The appellants instituted this action, contending that the appellees' designation, pursuant to 8 C.F.R. § 234.2(b) (1973), of certain laboratory facilities as those approved to conduct required medical examinations of aliens seeking permanent residence status, was improperly enacted, suffers from vagueness and violates the appellants' due process and equal protection rights. The appellants seek declaratory and injunctive relief and, more particularly, the appointment of New York Pathological and X-Ray Laboratories, Inc. (hereafter New York X-Ray) to the list of designated facilities.

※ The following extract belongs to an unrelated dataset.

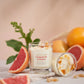 Grapefruit Garden Crystal Candle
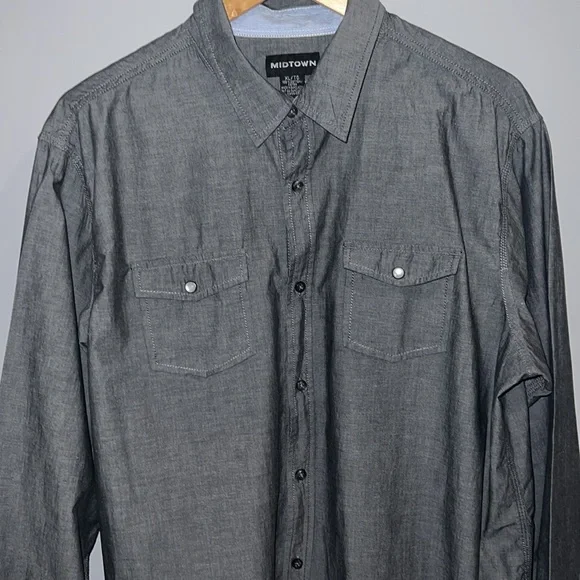 CASUAL L/S BUTTON DOWN SHIRT (XL) - Picture 3 of 11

Prior to August 1, 1973, all aliens seeking status as permanent residents in the United States were required to have x-rays and a serology test performed by a physician or laboratory of their choice. These test results were then presented to the examining officer of the United States Public Health Service. The appellants had conducted these examinations for some 25 years; they allege that New York X-Ray derived at least 15% Of its gross income from providing this service to aliens.2


Since August 1, 1973, the medical examinations of these aliens have been and continue to be conducted in District # 3 solely by qualified clinics designated by the District Director of the New York District. After that date District # 3 of Region 1 of the Service refused to accept results of the appellants' examinations because New York X-Ray is not among those so designated. It contends that it meets the criteria allegedly utilized by the District Director in compiling the list of qualified facilities. Consequently, this action was undertaken to obtain a preliminary injunction, enjoining the Immigration and Naturalization Service (hereafter INS) from restricting New York X-Ray's right to conduct these medical examinations of aliens.3


The grant or denial of a preliminary injunction is within the discretion of the trial court, Berrigan v. Norton, 451 F.2d 790, 793 (2d Cir. 1971); reversal of the trial court's decision requires a showing of an abuse of that discretion. Cinematografica v. D-150, Inc., 366 F.2d 373, 374 (2d Cir. 1966). In determining whether preliminary injunctive relief should be granted, the primary factors to be considered are the possibility of ultimate success on the part of the party seeking the relief and danger of irreparable injury if such relief is withheld. Brown v. Chote, 411 U.S. 452, 456, 93 S.Ct. 1732, 36 L.Ed.2d 420 (1973). Other important considerations include the direction of the balance of hardship between the parties, Sanders v. Air Line Pilots Association, International, 473 F.2d 244 (2d Cir. 1972), and whether the relief requested will adversely affect the public interest. Yakus v. United States, 321 U.S. 414, 440-441, 64 S.Ct. 660, 88 L.Ed. 834 (1944). See generally 11 Wright & Miller, Federal Practice and Procedure, Federal Rules of Civil Procedure § 2948 (1973). An analysis of these relevant factors favors the appellants' position, and we conclude that preliminary injunctive relief should have been granted.4


Irreparable harm can be found where there is a continuing wrong which cannot be adequately redressed by final relief on the merits. Such harm often resides where money damages cannot provide adequate compensation. See Foundry Services, Inc. v. Beneflux Corporation, 206 F.2d 214, 216 (2d Cir. 1953) (refusal to grant injunction pendente lite affirmed because adequate redress by way of money damages available). In the case before us, the appellants have alleged that they are suffering substantial loss of income because they are now prevented from performing certain medical examinations for aliens. Should the appellants succeed at trial on the merits, the Court would have no way to remedy the loss of business they are now suffering. Injunctive and declaratory relief prospectively applied in a final decree would not repair the continuing financial loss.5 The first requirement of demonstrating irreparable harm has been met.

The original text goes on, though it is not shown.